#### Exercise directions:
Only the lines from the start of the data below through the line that contains "Hello everyone! This" are to be copied, exactly and without pictures.

#### Data to process:

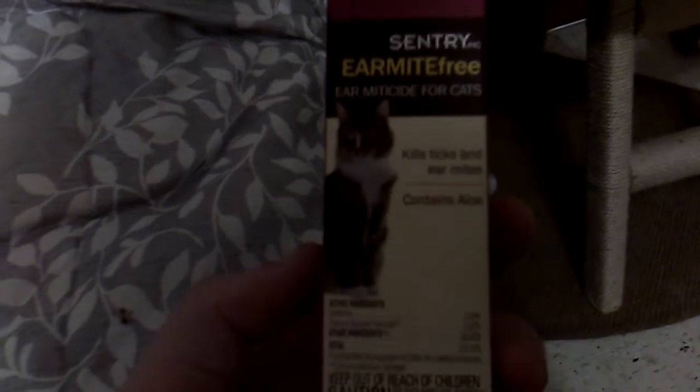So he's got ear mites. We have got this for him — this is Sentry Ear Mite Free ear miticide for cats. It kills ticks and ear mites and contains aloe. You apply five drops into each ear twice daily until the ticks and mites are eliminated.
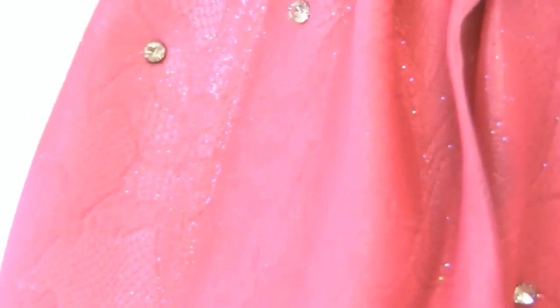You can see there's a slight texture. The dress is actually tulle, so we used a netting to give it a tulle effect.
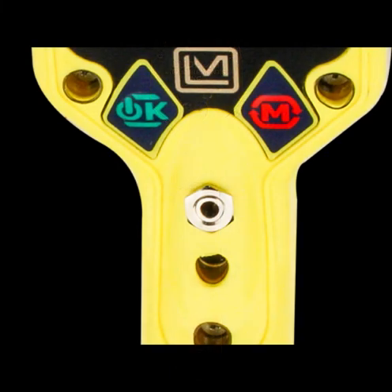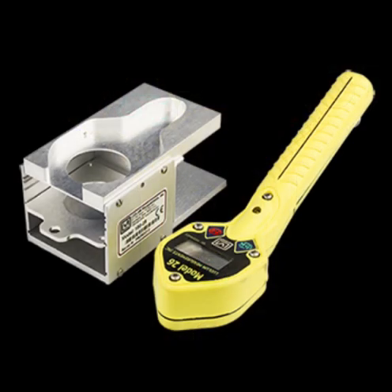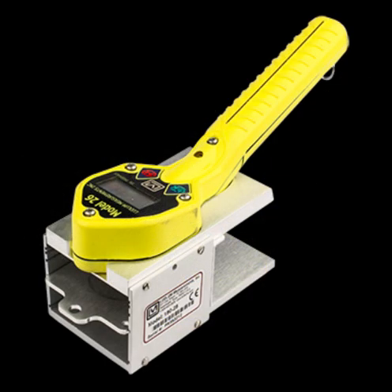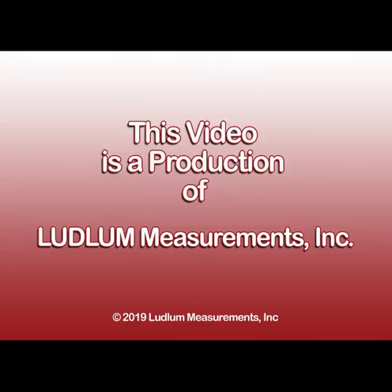Another option adds a headphone jack to the instrument body so headphones can be used to monitor the audio and audio alarms. Headphones are also helpful when the instrument is used in areas with high ambient noise levels or where the audio might be distracting to others, such as medical or office environments. Ludlum Measurements also offers the Model 180-28 sample holder, which allows for repeatable geometry counting of wipes, filter paper, or slides. For more information, visit our website or contact Ludlum directly or through your sales representative.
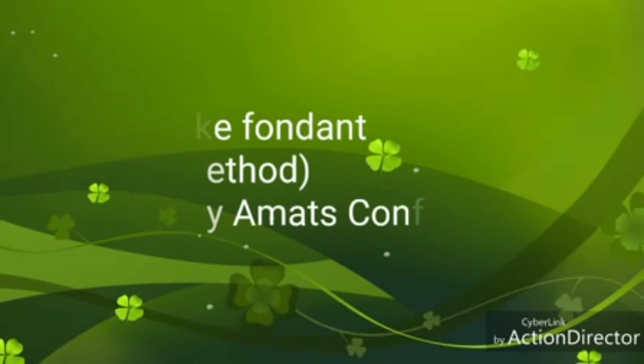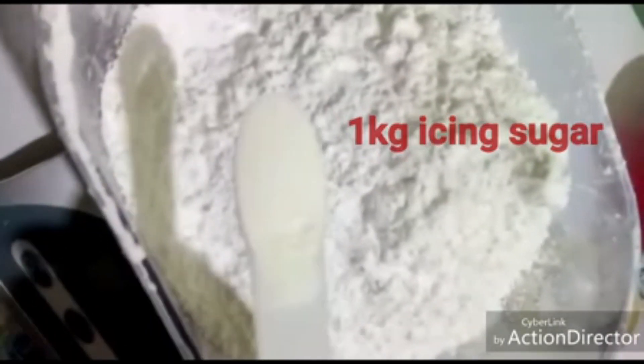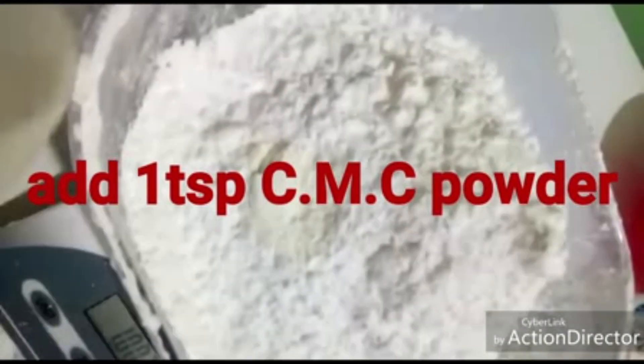If you've been struggling with how to make a good fondant recipe, you've made a good decision by clicking on this video. Welcome to my channel and please kindly subscribe. For this recipe I'm using one kilogram of icing sugar, and to it I'm adding one teaspoon of CMC powder.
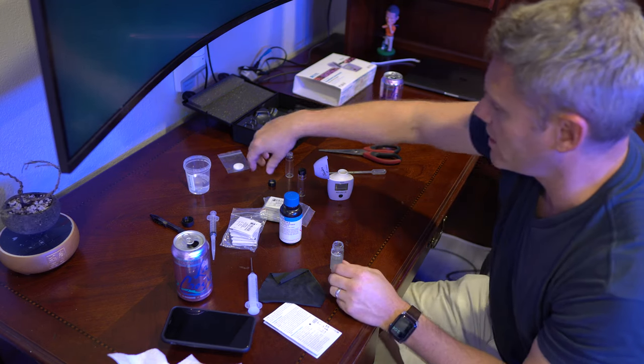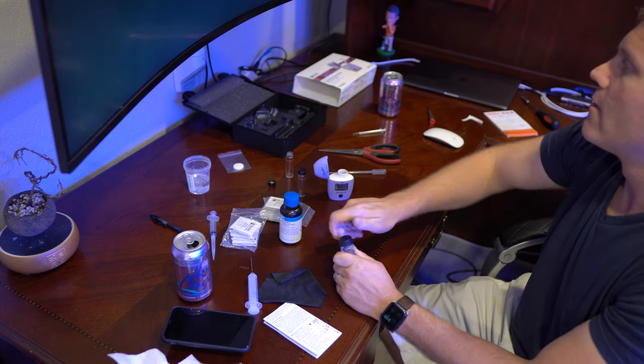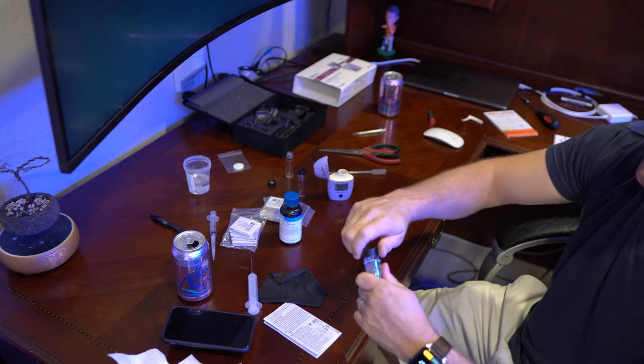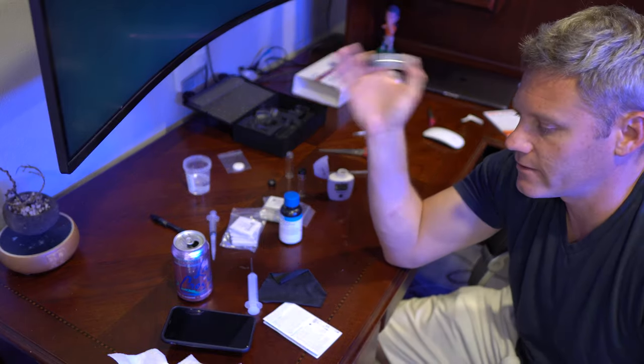Put the cap on and shake for one minute. Don't shake for fifty seconds, don't shake for a minute and ten seconds — exactly one minute. I like to use a timer so I know when to stop and I don't have to sit there watching. Just shake until I hear the timer go off.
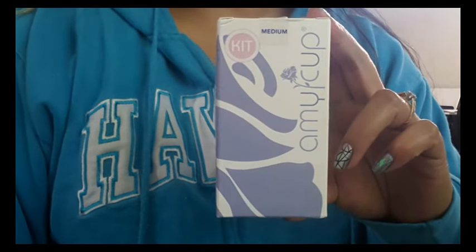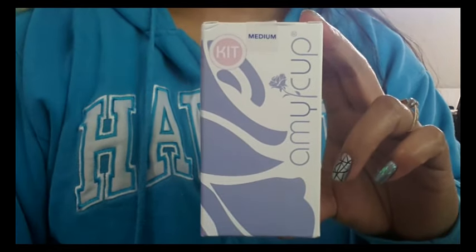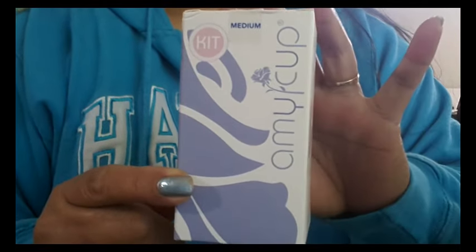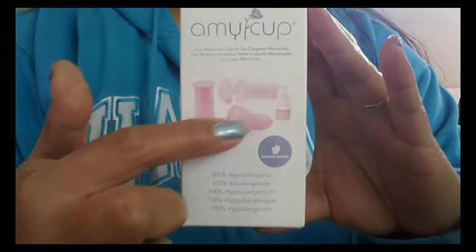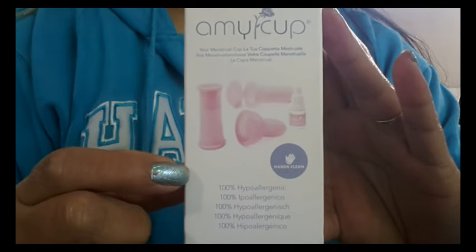Hello everyone! This video is about the Amy Cup Original Kit, and this cup costs $43.66 USD. I'm going to do a quick turnaround of the box — you can pause it if you want to. Here are the items that you receive in the box, and notice that it says 'hands clean.'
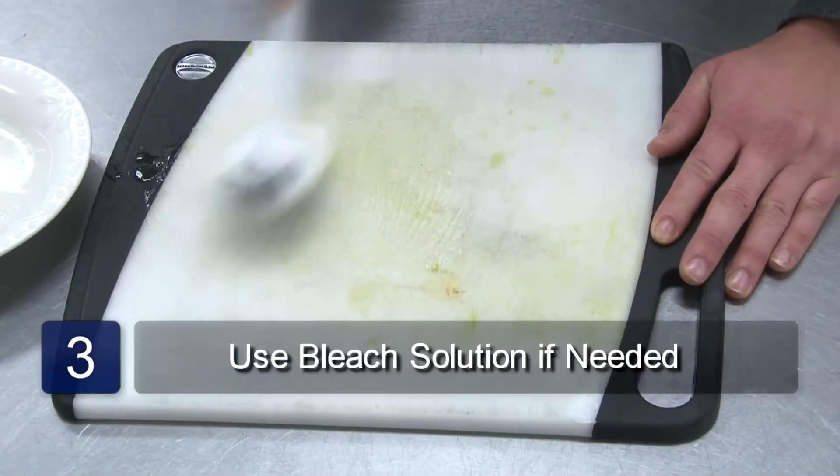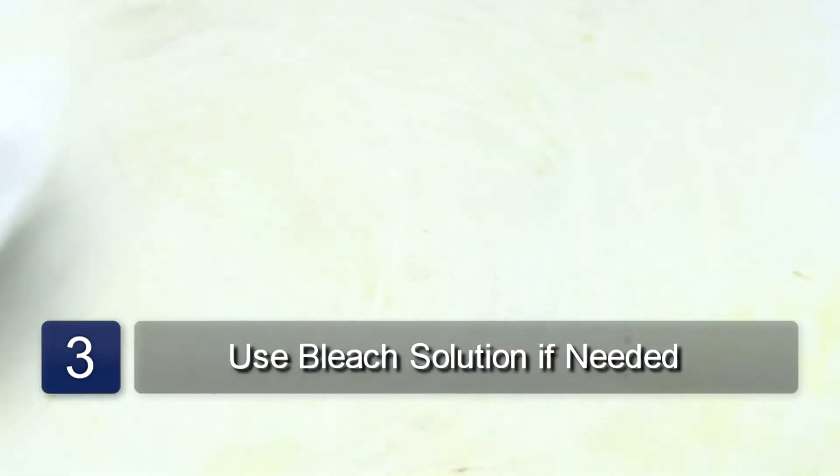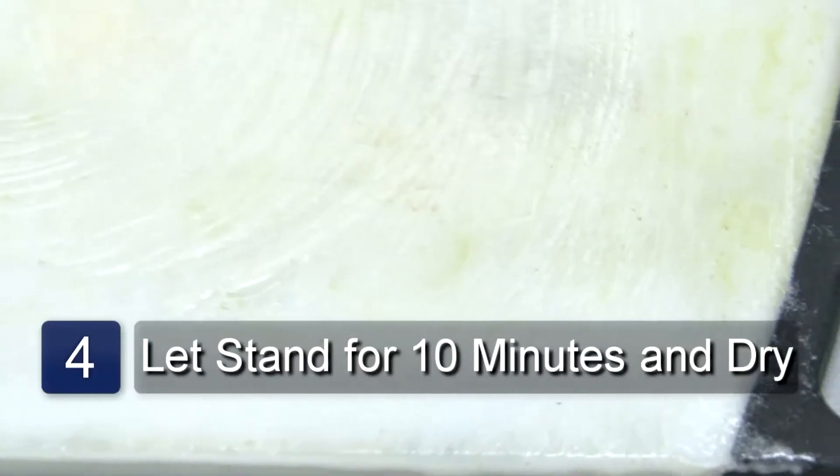You can spray the board with a bleach solution. This will disinfect your cutting board. Let it stand for 10 minutes.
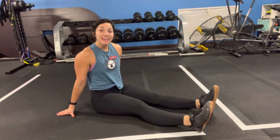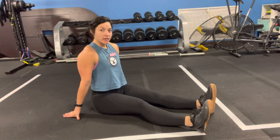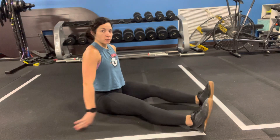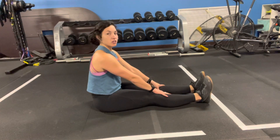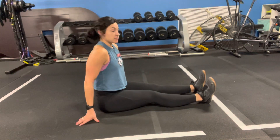We're going to be going over some straight leg raises today. I want you sitting up as far as you can, almost arching that low back. What we don't want is to have any curve back there, so we want to sit up really tall. You can use your arms for support.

#### Exercise result:
So he's got ear mites. We have got this for him — this is Sentry Ear Mite Free ear miticide for cats. It kills ticks and ear mites and contains aloe. You apply five drops into each ear twice daily until the ticks and mites are eliminated.
You can see there's a slight texture. The dress is actually tulle, so we used a netting to give it a tulle effect.
Another option adds a headphone jack to the instrument body so headphones can be used to monitor the audio and audio alarms. Headphones are also helpful when the instrument is used in areas with high ambient noise levels or where the audio might be distracting to others, such as medical or office environments. Ludlum Measurements also offers the Model 180-28 sample holder, which allows for repeatable geometry counting of wipes, filter paper, or slides. For more information, visit our website or contact Ludlum directly or through your sales representative.
If you've been struggling with how to make a good fondant recipe, you've made a good decision by clicking on this video. Welcome to my channel and please kindly subscribe. For this recipe I'm using one kilogram of icing sugar, and to it I'm adding one teaspoon of CMC powder.
Put the cap on and shake for one minute. Don't shake for fifty seconds, don't shake for a minute and ten seconds — exactly one minute. I like to use a timer so I know when to stop and I don't have to sit there watching. Just shake until I hear the timer go off.
Hello everyone! This video is about the Amy Cup Original Kit, and this cup costs $43.66 USD. I'm going to do a quick turnaround of the box — you can pause it if you want to. Here are the items that you receive in the box, and notice that it says 'hands clean.'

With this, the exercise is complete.